With the Dominion seemingly set to invade Earth, and Starfleet officers guarding every street corner, Captain Sisko (Avery Brooks) becomes increasingly suspicious that all is not what it seems. When he learns that the cut to the Earth's power systems was caused not by changelings but by a team of Starfleet cadets, he realises that there is no Dominion invasion at all but instead a fast-approaching coup d'etat by one of the fleet's finest and most respected admirals.
There is something very slightly askew in "Paradise Lost" that stops the episode from ever reaching its potential. I do not think it is a single element, it is more as if a large number of very small errors and ill-advised choices have gently warped the whole episode out of alignment. Viewed from a distance and it seems perfectly competent and rather thrilling. Viewed up close and it never gels together. The concepts all work but the execution falters. It is still a more enjoyable episode than "Homefront", but there is so much that is squandered.
One of the biggest drawbacks is Robert Foxworth's weirdly leaden performance as Admiral Leyton. To an extent the episode rises and falls based on how much the audience believes in Leyton, and Foxworth does not manage to pull it off. He needs to be an idealist who actually believes that Starfleet assuming control of the Federation is the only solution to saving it from the Dominion, but instead he seems like a self-interested and ambitious despot. The episode's script does its best, putting Sisko and Leyton in a room together for much of the episode's second half, but Foxworth does not manage to draw out the sensibilities that the story needs.
There is also an issue with scale; I am assuming as a result of a tight production budget. The Defiant arrives, under the command of Commander Worf (Michael Dorn), and is immediately challenged by the USS Lakota - which has been informed the Defiant is under the control of changelings. We see a bit of a dogfight between the two ships, but we don't see the fight's resolution. We assume Worf and the Lakota's captain (Susan Gibney) have talked things out, but we're denied the chance to actually see it happen. It also beggars belief that, with Earth on high alert and a Starfleet security officer on damn-near every street corner, there is only one Federation starship patrolling the entire solar system.
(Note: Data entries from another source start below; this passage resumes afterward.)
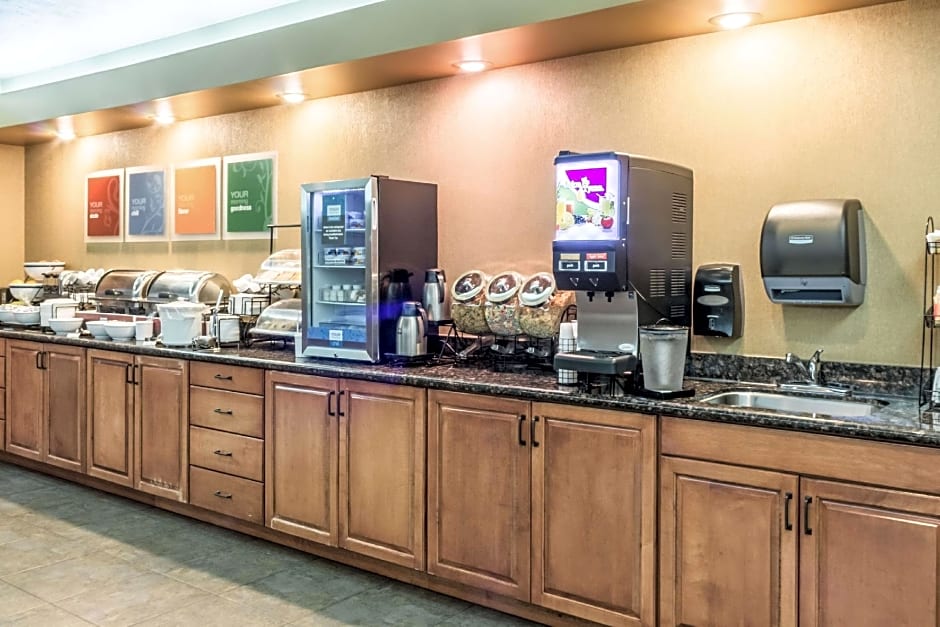 Comfort Inn & Suites Mitchell I-90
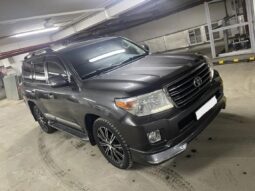 Toyota Land Cruiser 200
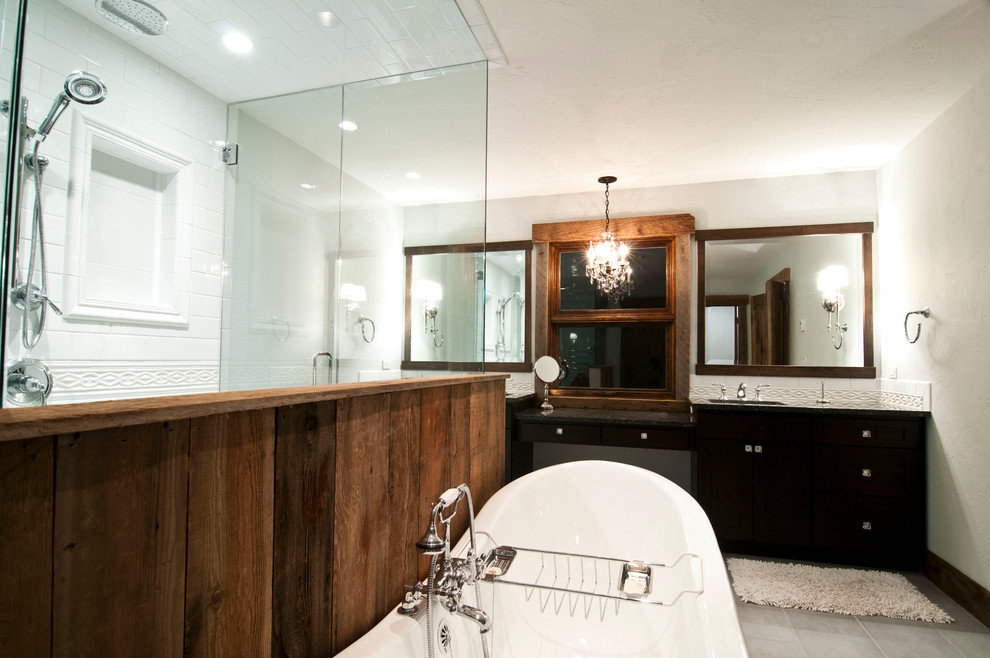 Идея дизайна: большая ванная комната в стиле рустика с врезной раковиной, ванной на ножках, двойным душем, полом из керамической плитки, керамической плиткой, белой плиткой, столешницей из гранита, черными фасадами и плоскими фасадами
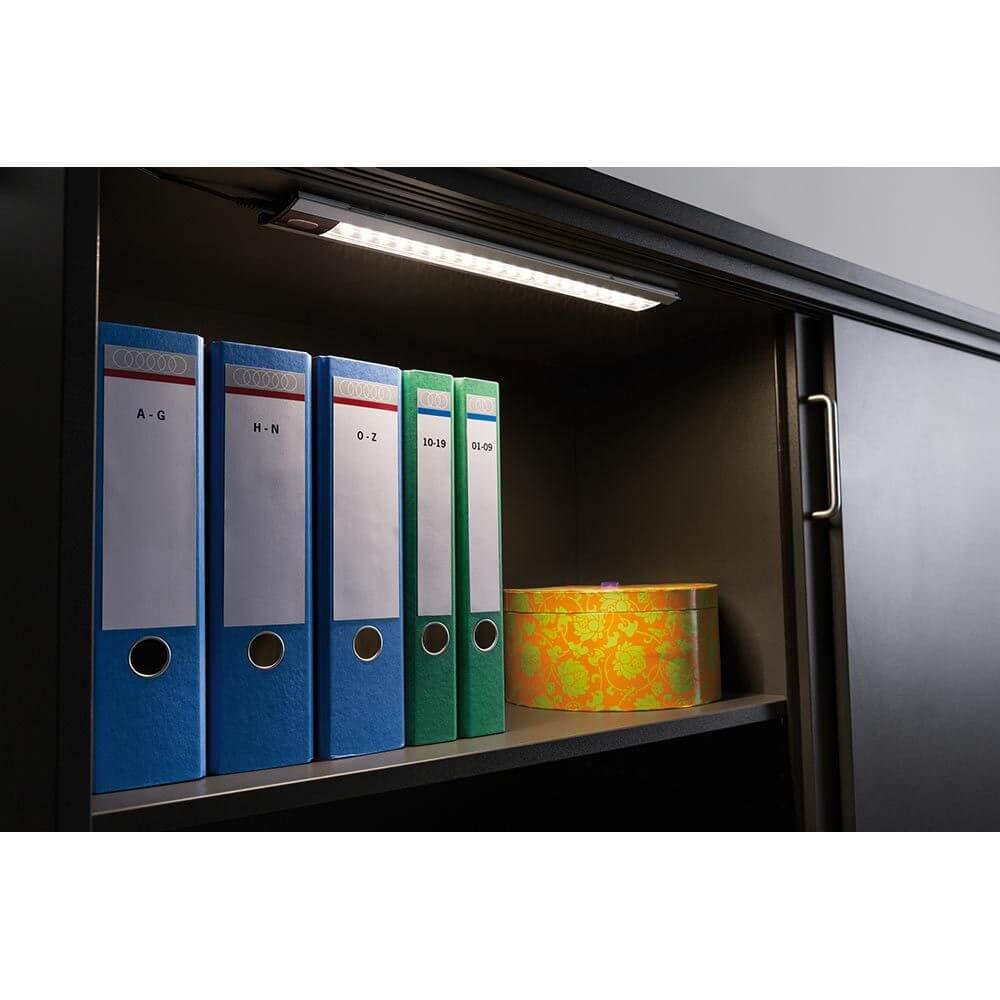 Function TriX Schrankleuchte Touch 4,2W LED Alu matt schwarz 12V Alu auf einem Regal mit Aktenordnern.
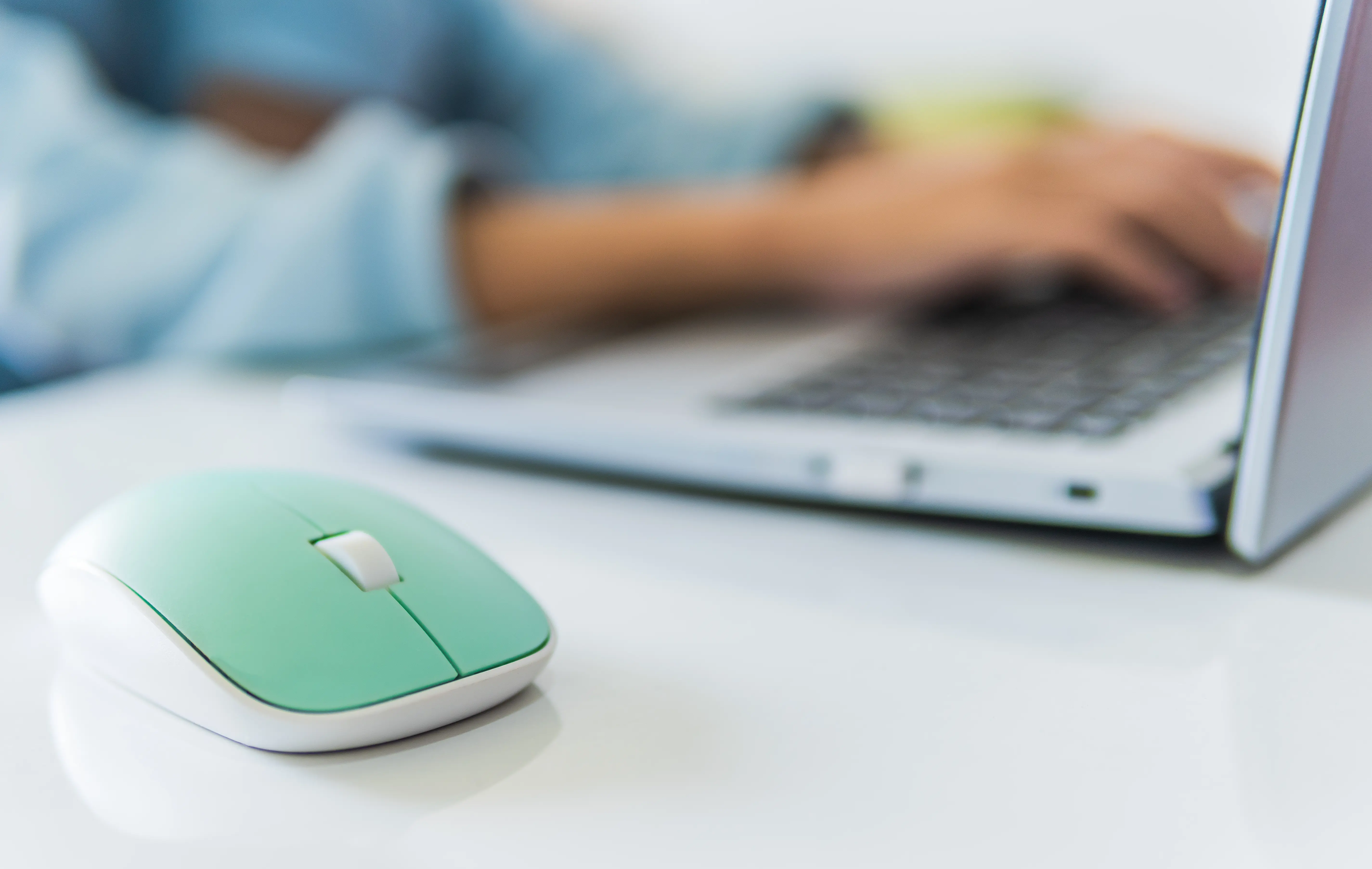 mouse-wireless-on-white-table-and-blurred-hand-typ-2026-01-07-06-10-43-utc.webp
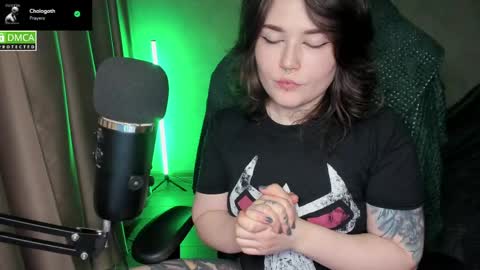 Snapshot of hell_hotline chatting on 27, 4, 2026 Red online show from 27, 4, 2026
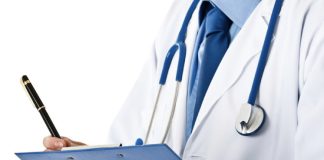 Врачей в Латвии начали сажать за выдачу освобождений от сдачи языкового экзамена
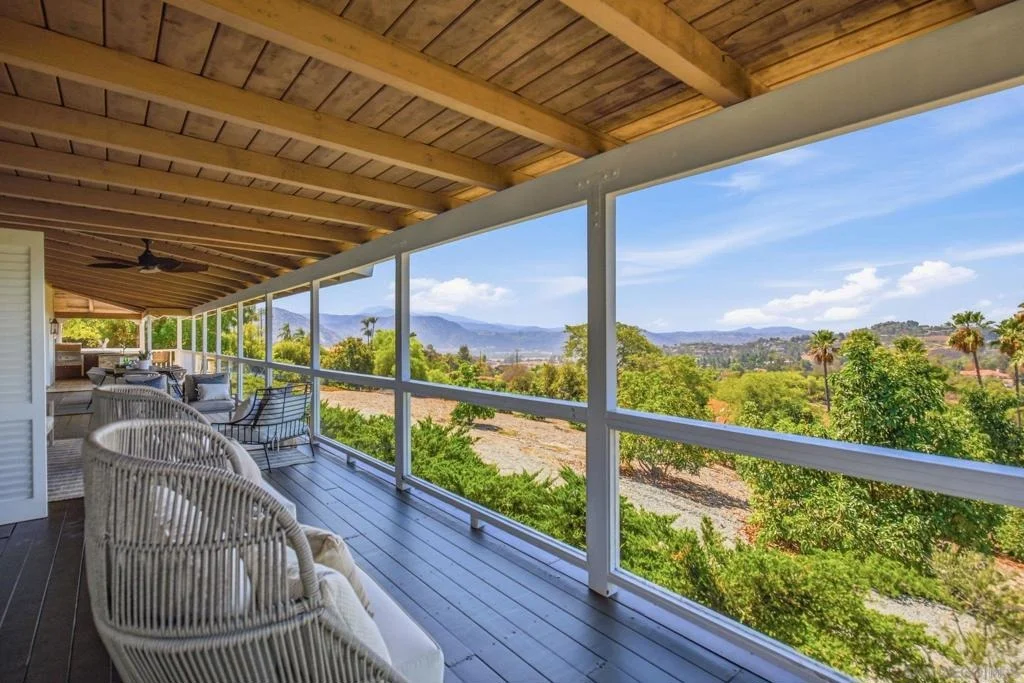Photo of 2613 Sunset Hills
As I said, it's probably a budgeting issue, but if you are going to tell this type of story you need to be able to afford more than an old Excelsior class model for your space scenes.
The episode boasts one genuine stand-out scene: Sisko is suddenly met on the street by Chief O'Brien (Colm Meaney) - except it's not O'Brien, rather a changeling come to chat with him and gloat. The revelation that there are only four changelings in hiding on the entire planet is a great one, and Meaney does an excellent job playing a smug, jovial antagonist. The problem is that the episode ends with those same four changelings presumably still on Earth, and no one seems too bothered to track them down.
The basic concept of "Paradise Lost" is great, and certainly it manages to push Sisko's dilemma to a believable point - "Homefront" struggled in that regard. The execution just seems let down by some weird choices in what to show and what to tell the audience about afterwards, and in some odd decisions in terms of casting and pace. It is an enjoyable enough episode, certainly much better than the first part of the story, but it's a pretty flawed piece of work. Still, it's the eighth enjoyable episode out of 11 so far in Season 4. The quality ratio rises to 73 per cent.